Operating under the code name “Project Repo,” aides to Mayor Bloomberg’s right-hand man for development drew up a clandestine list of where the city could seize control of major initiatives it shared with the state.
Among those considered for a city takeover, according to multiple people familiar with the plan, were the sprawling Queens West housing development near Long Island City; Battery Park City; Roosevelt Island; Brooklyn Bridge Park; and Governors Island.
In theory, muscling the state out of the picture would have stripped away tangles of bureaucracy and set up the city for a speedier groundbreaking.
Alas, the plan never amounted to much more than a memo of aspirations, filed away after city officials encountered a new Spitzer administration reluctant to cede control.
Still, it was representative of the Bloomberg administration’s underlying desire to assert more control over the assets within its borders. And now, more than three years later, under a new deputy mayor, a new governor and a cash-strapped state, the spirit of Project Repo is improbably thriving.
After months of negotiating, the city just announced tentative deals to grab full control of Governors Island and Brooklyn Bridge Park, two waterfront parkland and real estate development projects that have languished under city-state efforts.
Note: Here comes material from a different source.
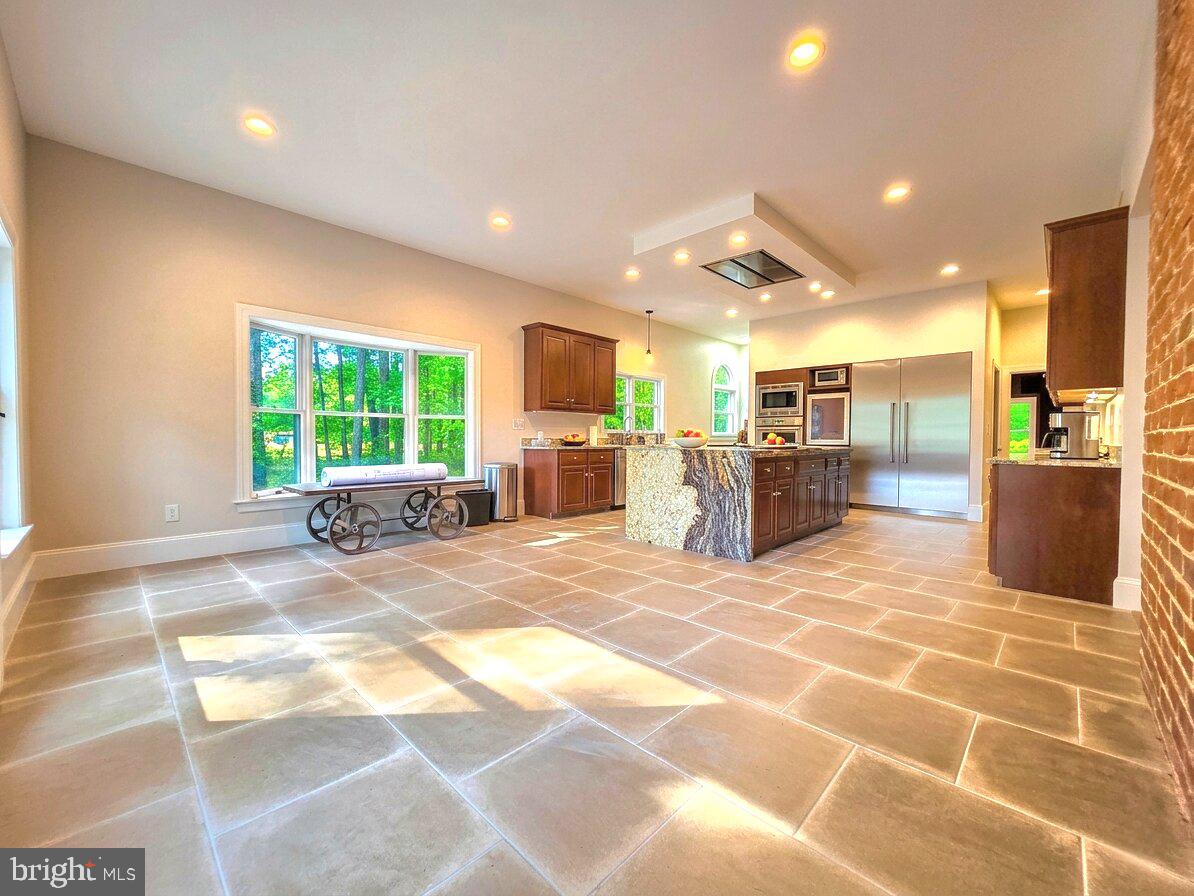 11429 Assateague Road Berlin, MD 21811 - Photo 41 of 136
The latest venture: Battery Park City. While no official city play for the 92-acre extension of Lower Manhattan has yet been announced, the mostly completed development complex is in the cross hairs of administration officials, particularly Deputy Mayor Robert Lieber, Mr. Doctoroff’s successor, who is pushing for the takeover within the administration.
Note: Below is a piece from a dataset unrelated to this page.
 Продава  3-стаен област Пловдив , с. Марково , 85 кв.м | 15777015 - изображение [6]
In classic Bloomberg administration fashion, Project Repo had at its roots a strong distaste for sharing control, particularly with a bureaucracy. On the shared city-state economic development projects, officials involved on both sides had long complained of constant bickering and slow decision making that left city-state projects with a similar legacy: progress at a snail’s pace.
“There’s no mystery that in economic development, the best thing you can do from a city perspective is get the state out of the picture,” said a former city official involved with Project Repo.
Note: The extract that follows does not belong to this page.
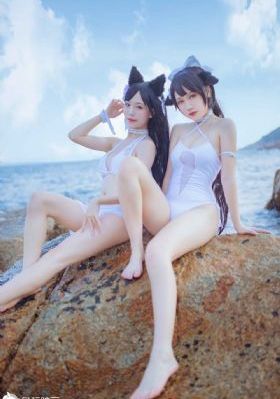 精品无码无套内谢_云播放粤语完整在线观看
Of course, a major barrier always faced the plan’s implementation: There was little in it for the governor. The trade, essentially, would have given the mayor the ability to get the projects moving and then lead the ribbon-cuttings, leaving the state only as a bystander with a bit more cash to put elsewhere. Officials in the Spitzer administration, with an empire-building mentality of its own and not eager to cede control on legacy projects, declined an offer by the Bloomberg administration to take over some of these projects. And that, it seemed, was that.
That is, until the landscape shifted. Now, with a politically weak governor and a fiscally emaciated state government, the Bloomberg administration is whisking away assets co-owned with the state, a gambit they have been able to execute without being asked to give up much, if anything, in return.
Battery Park City, should the mayor indeed make a go at adding it to the list, would not even need the consent of the governor, as the city has long had an option allowing it to purchase the entire property for $1 so long as the debt is paid off. (It would, however, need the consent of City Comptroller John Liu, who has taken a few actions opposing the mayor, and has said he is studying the concept. Fearing political backlash, the Bloomberg administration likely would also be reticent to take control without a nod from Assembly Speaker Sheldon Silver.)
Charles Urstadt, the recently retired vice chairman of the Battery Park City Authority and a founding chairman, has been beating the drum on the issue, urging the city to take control now that the complex is built out and the authority is tasked only with managing, not developing.
“It’s a perversion of the original intent of Battery Park City,” he said of the authority’s putting $30 million a year toward management of a completed development. “The job is finished, and the profits, which are enormous, should be used for affordable housing.”
The attraction to the takeover’s backers is a treasure chest of money that would be available to the city, if not immediately then in future years. In addition to the efficiencies that could be had from streamlining management, the city could save on borrowing costs for the authority’s $1 billion in debt (city bonds currently cost less than authority bonds, generally). That, and the city would not have to go through a sticky political negotiation with the governor and the city comptroller every time it wants to use some of the tens of millions in surplus rents that are created every year by Battery Park City’s buildings (the last negotiation, for $860 million, took more than a year).
For all of the projects, the Bloomberg administration clearly sees now as its best time to strike.
“In past severe economic downturns, the city’s fiscal woes forced it to cede a lot to the state,” a spokesman for the mayor, Andrew Brent, said in a statement. “Today, after eight years of responsible fiscal management, infrastructure investments and planning, the city is in a much different position and can afford to take over and manage the future of certain key sites like Brooklyn Bridge Park and Governors Island.”